*** Given data Section Begins ***
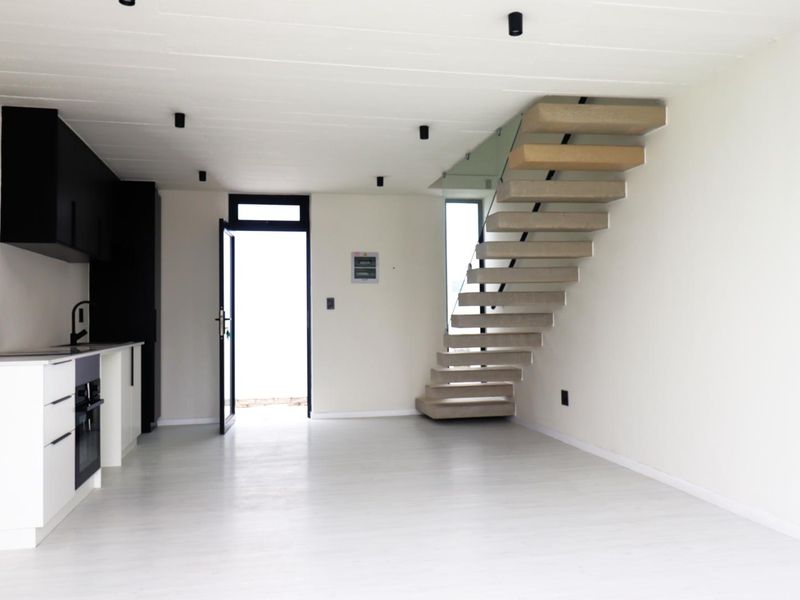 Modern open-plan living area featuring a sleek kitchen with built-in appliances and a striking floating staircase with glass balustrade.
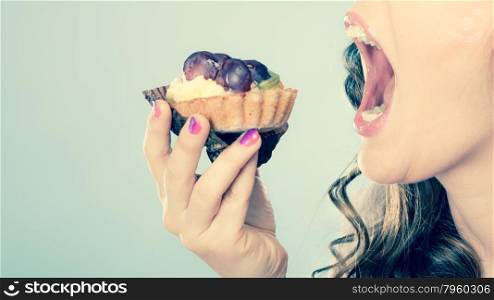 Sweet food indulging and fattening concept. Woman face profile wide open mouth eating cake cupcake filtered photo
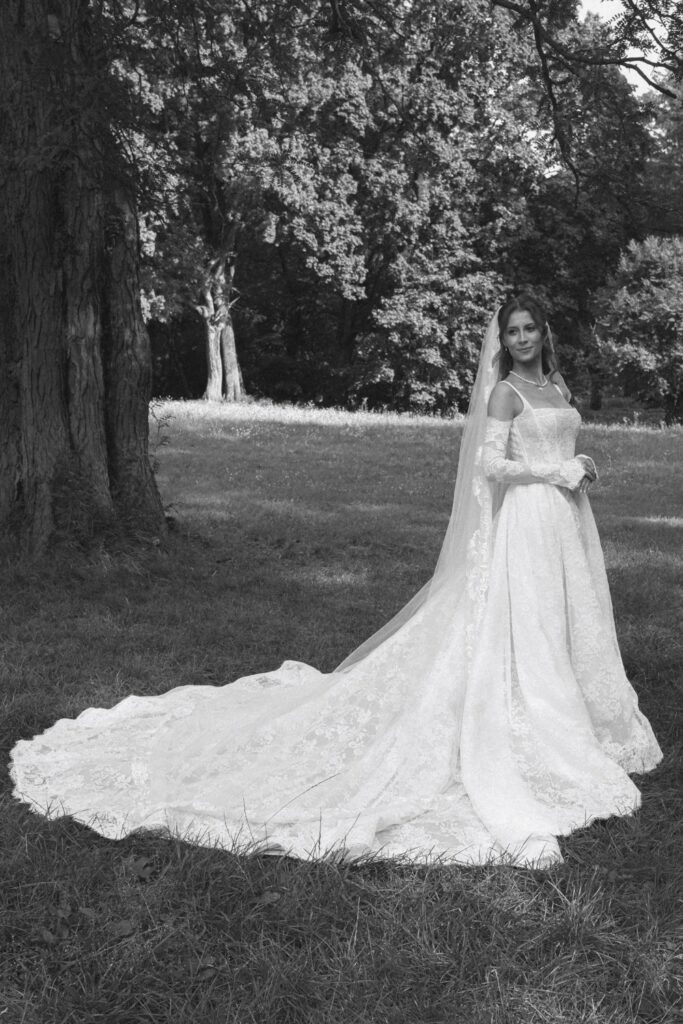 Bride in a gown with a long train in the park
*** Given data Section Ends ***
Assignment: Recopy the full listing exactly, passing over any picture.

Result:
 Modern open-plan living area featuring a sleek kitchen with built-in appliances and a striking floating staircase with glass balustrade.
 Sweet food indulging and fattening concept. Woman face profile wide open mouth eating cake cupcake filtered photo
 Bride in a gown with a long train in the park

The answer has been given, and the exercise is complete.